You are viewing a plain text version of this content. The canonical link for it is here.

Posted to dev@httpd.apache.org by Luca Toscano <to...@gmail.com> on 2018/02/01 03:38:36 UTC

Re: [users@httpd] problems benchmarking php-fpm/proxy_fcgi with h2load

Hi Yann,

2018-01-21 4:42 GMT-08:00 Yann Ylavic <yl...@gmail.com>:

>
> Reusing connections means that we can have ThreadsPerChild sockets per
> backend (per child process).
> Is it really a leak (the more requests, the more sockets, never
> closed), or does it stop at ThreadsPerChild?
>

This was a red herring due to my ignorance about lsof and how it reports
fds opened by process and its threads, I don't believe that there is any
leak of fds.


> My patch simply disables connections recycling/reuse for Unix sockets,
> but it's probably not the right since that's supposed to work.
> Could it be that php-fpm simply does not like connections
> keepalive/reuse? There may be a reason why we disablereuse by default
> in mod_proxy_fcgi...
> Where do communications stop working at 60%, something in the error
> log? Possibly some tcpdump/wireshark between proxy_fcgi and the
> backend could help here too.
>


I did some testing with different httpd/php-fpm configurations and I
noticed something interesting. I removed mod_http2 and used a static/fixed
number of php-fpm workers to simplify the picture, and I was able to
reproduce the issue way before reaching the 60% limit using http/1.1. In
the logs I can clearly see that one httpd process/thread stops logging
after sending the environment variables, and gdb shows this:

Thread 2 (Thread 0x7f99ecf19700 (LWP 21755)):
#0  0x00007f99f60b76ad in poll () at ../sysdeps/unix/syscall-template.S:84
#1  0x00007f99f6e024f4 in apr_poll (aprset=aprset@entry=0x7f99ecf16a00,
    num=num@entry=1, nsds=nsds@entry=0x7f99ecf169b4, timeout=<optimized
out>)
    at poll/unix/poll.c:120
#2  0x00007f99f0b45893 in dispatch (conn=conn@entry=0x56217d285a60,
    conf=conf@entry=0x56217d1c6800, r=r@entry=0x7f99d8007820,
    setaside_pool=0x7f99d800d898, err=err@entry=0x7f99ecf18b40,
    bad_request=bad_request@entry=0x7f99ecf18ae4,
has_responded=0x7f99ecf18ae8,
    request_id=1) at mod_proxy_fcgi.c:563
#3  0x00007f99f0b46e32 in fcgi_do_request (p=<optimized out>, origin=0x0,
    uri=<optimized out>, url=<optimized out>, server_portstr=0x7f99ecf18b20
":8443",
    conf=0x56217d1c6800, conn=0x56217d285a60, r=0x7f99d8007820) at
mod_proxy_fcgi.c:936
#4  proxy_fcgi_handler (r=0x7f99d8007820, worker=<optimized out>,
conf=<optimized out>,
    url=<optimized out>, proxyname=<optimized out>, proxyport=<optimized
out>)
    at mod_proxy_fcgi.c:1050
[..]

And all the php-fpm workers this (sadly without debug symbols):

Thread 1 (Thread 0x7fe67a0bcd40 (LWP 21882)):
#0  0x00007fe676b2a1f0 in __read_nocancel () at
../sysdeps/unix/syscall-template.S:84
#1  0x00000000007a9734 in ?? ()
#2  0x00000000007aad60 in fcgi_accept_request ()
#3  0x0000000000464424 in main ()

strace shows the php-fpm process blocked in read(4,

Interesting stats running h2load:

*   -n100000 -c10 -m10 https://etc..

With http/2 I can see the h2load reaching 100%, meanwhile with http/1.1 it
doesn't even reach 10% before blocking like described above.

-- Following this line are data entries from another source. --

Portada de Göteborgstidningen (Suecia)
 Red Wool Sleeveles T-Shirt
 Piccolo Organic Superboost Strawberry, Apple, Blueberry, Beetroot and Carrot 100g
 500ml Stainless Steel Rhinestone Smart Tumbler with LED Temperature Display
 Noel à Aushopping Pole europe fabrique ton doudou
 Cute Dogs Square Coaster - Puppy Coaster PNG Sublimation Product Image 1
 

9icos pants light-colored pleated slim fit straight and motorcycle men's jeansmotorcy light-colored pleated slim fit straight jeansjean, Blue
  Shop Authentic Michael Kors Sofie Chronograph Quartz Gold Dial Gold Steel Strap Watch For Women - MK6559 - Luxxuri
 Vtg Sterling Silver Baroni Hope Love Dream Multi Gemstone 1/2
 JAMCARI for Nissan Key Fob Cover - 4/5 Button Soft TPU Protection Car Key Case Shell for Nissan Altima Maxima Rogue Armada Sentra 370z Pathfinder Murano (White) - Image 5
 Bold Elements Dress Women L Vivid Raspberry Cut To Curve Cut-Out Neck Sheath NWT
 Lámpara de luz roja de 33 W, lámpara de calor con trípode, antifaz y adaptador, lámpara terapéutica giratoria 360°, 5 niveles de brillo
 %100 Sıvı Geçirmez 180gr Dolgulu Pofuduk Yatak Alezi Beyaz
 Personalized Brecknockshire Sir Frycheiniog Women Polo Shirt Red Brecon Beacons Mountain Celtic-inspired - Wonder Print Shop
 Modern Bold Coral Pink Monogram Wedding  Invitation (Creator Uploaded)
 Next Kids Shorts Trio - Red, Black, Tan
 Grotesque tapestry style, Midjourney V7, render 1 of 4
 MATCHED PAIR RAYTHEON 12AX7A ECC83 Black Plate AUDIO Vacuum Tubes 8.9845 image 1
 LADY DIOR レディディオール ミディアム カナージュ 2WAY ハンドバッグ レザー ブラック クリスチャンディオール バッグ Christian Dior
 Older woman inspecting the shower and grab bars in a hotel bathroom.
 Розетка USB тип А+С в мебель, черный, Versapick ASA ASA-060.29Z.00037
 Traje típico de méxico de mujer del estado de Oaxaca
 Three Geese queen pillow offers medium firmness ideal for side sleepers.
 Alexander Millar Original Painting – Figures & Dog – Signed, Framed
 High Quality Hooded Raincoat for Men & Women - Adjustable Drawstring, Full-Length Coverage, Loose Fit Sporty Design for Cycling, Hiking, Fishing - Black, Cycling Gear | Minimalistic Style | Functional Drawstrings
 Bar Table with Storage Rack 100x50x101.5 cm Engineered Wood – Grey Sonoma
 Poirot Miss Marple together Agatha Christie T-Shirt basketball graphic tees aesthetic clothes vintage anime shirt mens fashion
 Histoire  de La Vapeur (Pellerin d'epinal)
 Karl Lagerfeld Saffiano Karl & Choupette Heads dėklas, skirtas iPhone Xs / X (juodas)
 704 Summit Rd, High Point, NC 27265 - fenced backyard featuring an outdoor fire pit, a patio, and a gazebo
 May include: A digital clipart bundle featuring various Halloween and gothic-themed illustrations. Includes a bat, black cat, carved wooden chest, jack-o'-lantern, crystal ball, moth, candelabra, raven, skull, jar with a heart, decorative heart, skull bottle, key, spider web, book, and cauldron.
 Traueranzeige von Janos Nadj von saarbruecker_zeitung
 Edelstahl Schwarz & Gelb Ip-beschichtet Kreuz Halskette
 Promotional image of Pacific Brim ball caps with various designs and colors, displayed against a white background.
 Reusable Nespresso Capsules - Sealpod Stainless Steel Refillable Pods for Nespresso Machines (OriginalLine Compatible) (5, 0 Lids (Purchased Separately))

*  -n100000 -c100 -m10 https://etc..

Problems showing up with http/2 too. In both case setting Timeout (or
ProxyTimeout) to a low value makes connections to get closed due to
inactivity and h2load slowly proceeds.

pstree of my testing environment:

|-httpd-+-httpd
|       `-10*[httpd---21*[{httpd}]]

|-php5-fpm---10*[php5-fpm]


The impression that I have is that somehow mod_proxy_fcgi sends a FCGI
request over a (reused) unix socket's fd and waits polling the fcgi's
backend response, that in the meantime is doing something else. I am going
to do more tests in the following days, but if anybody has a clear idea
about what's happening please let me know :)

Thanks!

Luca

Re: [users@httpd] problems benchmarking php-fpm/proxy_fcgi with h2load

Posted by Luca Toscano <to...@gmail.com>.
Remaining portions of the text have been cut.